Then again, we don’t wish to be harsh or unfair. We all thought the Raiders were the worst team in football, and as of this moment, they are tied for ninth, and if you use point differential as a tiebreaker, 11th.
That’s roughly 19 spots better than anyone thought them capable, so we’ll chalk it up to microscopic sample size and galactically wishful thinking.
So to draw conclusions of either future glory or pending disappointment now are wrong. Also, irrelevant. The Coliseum is where the baseball team plays, first and foremost and until further notice, which means that the most important performer was the ground itself.

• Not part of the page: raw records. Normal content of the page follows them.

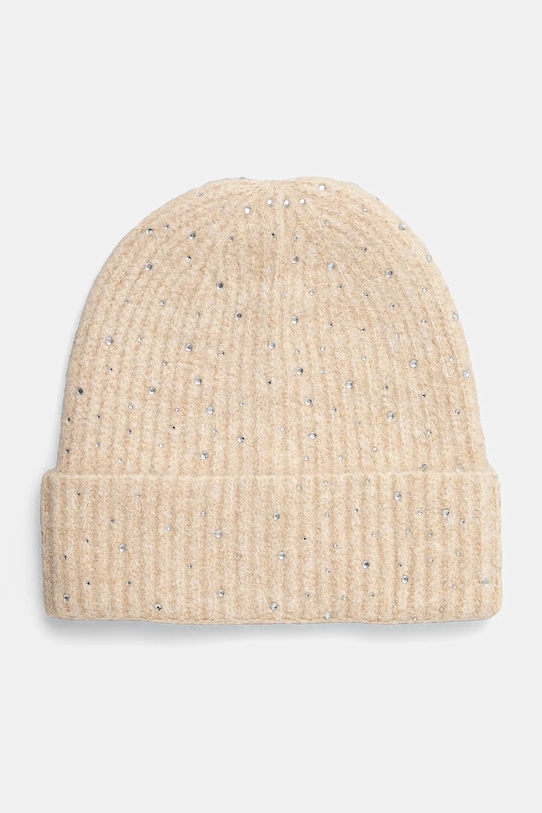 United Colors of Benetton berretto in misto lana misto lana beige 60CWDA011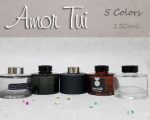 Diffuser Container- Amor Touy Black & Silver 100ml - Image 3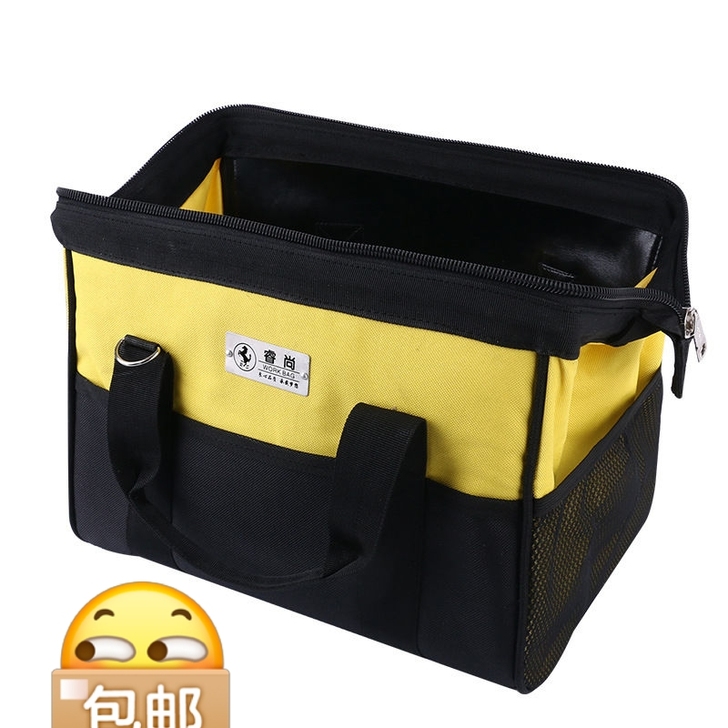 厂家直销爆款手提耐磨工具包 牛津布五金帆布...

Thus, as Wood raked, tamped, vacuumed, pounded, stabbed and repositioned the chunks of turf deracinated by the sprightly feet of the Raiders and leaden hooves of the Jags, he thought of all the other times he has had to do this in his career, and surely thought, “This is way better than usual.”
Of course, this was before the outfield seats were shoved back behind the outfield walls to reveal the crunchy rutted brown-ness beneath. That is always the most obvious sign that football has been perpetrated, and it will look that way no matter how long the A’s last in the postseason.
The Raiders host Washington five days before the start of the AL Division Series, and San Diego between Games 3 and 4. Then they are nowhere to be found during the AL Championship Series, and host Pittsburgh while Game 4 of the World Series is being played in the National League city.
And in case of the only real conflict, the San Diego game, the A’s get first call because they would be playing the more important game.
Which is the point here. The Raiders have many kinks to work out between now and the end of baseball season; in the immortal words of head coach Dennis (Funtime) Allen, “Overall, I thought it was sloppy. I don’t think it was up to the standard we want, and there’s a lot of things we have to continue to work on to continue to get better at and improve on.”
Like run-on sentences that include eight prepositions and end in one, to cite but one example.
But by avoiding the end zone all but the one time, and staying outside the 20s for all but 18 of the 123 plays, the Raiders did the best they could to minimize the damage they could wreak upon their very good friends and co-tenants upstairs.
And for those of you who believe in the Raiders so much that you think staying outside the red zone so much was a deliberate act, there is still the Washington game to prove their intentions. After all, Mark Davis wants to be known above all else the way his father was – as just a good neighbor and a friend to baseball.